本発明のサッシ用見切り材は、アングル状部を具備する窓用サッシと、少なくとも内装ボードからなる窓枠材との間に介挿され、耐水性を有する柱状のサッシ用見切り材であって、窓用サッシと、これが取り付けられる木枠との間に介挿されるサッシスペーサに隣接する下地枠、若しくはサッシスペーサを兼ねる下地枠に当接する下地枠当接面と、前記窓用サッシの前記アングル状部に対向して、前記アングル状部を支持するアングル状部支持面と、前記窓枠材の少なくとも前記内装ボードを支持する窓枠材支持部とを具備し、前記アングル状部支持面には、前記窓用サッシに発生した結露が前記窓枠材に接触することを防止するための結露遮断用凸部が突設していることを特徴とする。
【0013】
なお、本明細書において、「少なくとも内装ボードからなる窓枠材」とは、「内装ボードのみからなる窓枠材」、あるいは「内装ボード及びその表面に貼着されたクロス等の仕上げ材からなる窓枠材」を意味しているものとする。
【0014】
すなわち、本発明のサッシ用見切り材は、窓用サッシのアングル状部を支持するアングル状部支持面と、窓枠材の少なくとも内装ボードを支持する窓枠材支持部とを具備し、窓用サッシと窓枠材との間に介挿される見切り材である。また、従来のサッシ用見切り材は、窓枠材上に取り付けられていたのに対して、本発明のサッシ用見切り材は、窓枠材を取り付ける下地材である、サッシスペーサに隣接する下地枠、若しくはサッシスペーサを兼ねる下地枠上に、窓枠材とともに取り付けられるものである。
【0015】
本発明者は、以上の構成を採用することにより、サッシ用見切り材に、窓用サッシと窓枠材との間、若しくは窓用サッシと窓枠材が取り付けられる下地材との間の隙間を埋めるスペーサとしての機能を付与することができることを見出した。なお、本発明のサッシ用見切り材がスペーサとして機能する理由については、「発明の実施の形態」の項において説明する。
【0016】
したがって、本発明のサッシ用見切り材を用いる場合には、本発明のサッシ用見切り材がスペーサとして機能するため、下地枠の設計自由度が広がり、サッシスペーサと下地枠の厚みを略同一とすることができる。その結果、サッシスペーサと下地枠用に、厚みの異なる木片等を用意する必要がなくなるので、施工性の向上を図ることができる。
【0017】
また、サッシスペーサと下地枠とを一体形成することも可能になり、この場合には使用する部材点数が低減されるので、施工性の向上を一層図ることができる。
【0019】
また、本発明のサッシ用見切り材は、窓枠材を取り付ける下地材上に直接取り付けられるものであるから、本発明のサッシ用見切り材を用いることにより、窓枠材の施工を終了する前に、窓用サッシの施工(取り付け及び固定)を完了することができ、施工性の向上を図ることができる。
【0020】
さらに、本発明のサッシ用見切り材において、アングル状部支持面には、窓用サッシに発生した結露が窓枠材に接触することを防止するための結露遮断用凸部を設ける構成としているため、従来と同様に、窓用サッシに結露が発生しても窓枠材が結露によって劣化することを防止することができる。
【0021】
また、本発明のサッシ用見切り材において、前記窓枠材支持部は、前記窓枠材の少なくとも前記内装ボードが嵌合可能に形成されていることが好ましい。このような構成を採用することにより、本発明のサッシ用見切り材を用いて窓を構成した時に、窓枠材の窓用サッシ側の側面が室内側から視認されず、美観上好ましい。
【0022】
以上の本発明のサッシ用見切り材を用いることにより、以下の本発明のサッシ構造を提供することができる。

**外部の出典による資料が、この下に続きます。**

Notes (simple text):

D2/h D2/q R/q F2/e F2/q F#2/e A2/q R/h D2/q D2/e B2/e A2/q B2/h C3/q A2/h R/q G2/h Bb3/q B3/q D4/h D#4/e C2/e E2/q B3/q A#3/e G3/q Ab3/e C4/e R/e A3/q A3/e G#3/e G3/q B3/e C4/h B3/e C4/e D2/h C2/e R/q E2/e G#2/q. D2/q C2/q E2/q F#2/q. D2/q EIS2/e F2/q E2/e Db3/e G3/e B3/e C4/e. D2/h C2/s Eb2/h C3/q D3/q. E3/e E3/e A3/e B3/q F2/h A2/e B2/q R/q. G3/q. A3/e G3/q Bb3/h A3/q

本発明のサッシ構造は、アングル状部を具備する窓用サッシに、本発明のサッシ用見切り材が取り付けられたことを特徴とする。そして、この本発明のサッシ構造によれば、本発明のサッシ用見切り材と同様の効果を得ることができる。
【0023】
【発明の実施の形態】
次に、本発明に係る実施形態について詳述する。
図1〜図4に基づいて、本発明のサッシ用見切り材及びサッシ構造を用いて構成した窓の一実施形態について説明する。
図1は、室内側から見た時の本実施形態の窓の部分斜視図であって、サッシ用見切り材及びその近傍の構造を示す図であり、図示上側が天井側、図示下側が床側を示している。なお、図1では、各部材の構成を分かりやすくするために、各部材の高さを変えて図示している。
【0024】
図2は、本実施形態の窓の縦断面図(床面に対して垂直方向に切断した時の断面図)、図3は、本実施形態の窓の横断面図(床面に対して水平方向に切断した時の断面図)である。なお、図2においては、図示上側が天井側、図示下側が床側を示している。また、図2、図3においては、いずれも図示右側が室内側、図示左側が室外側を示している。
【0025】
図4(a)は、図3に示すサッシ用見切り材のみを取り出して拡大して示す断面図、図4(b)は、図3に示すサッシ用見切り材及びその近傍を取り出して拡大して示す断面図である。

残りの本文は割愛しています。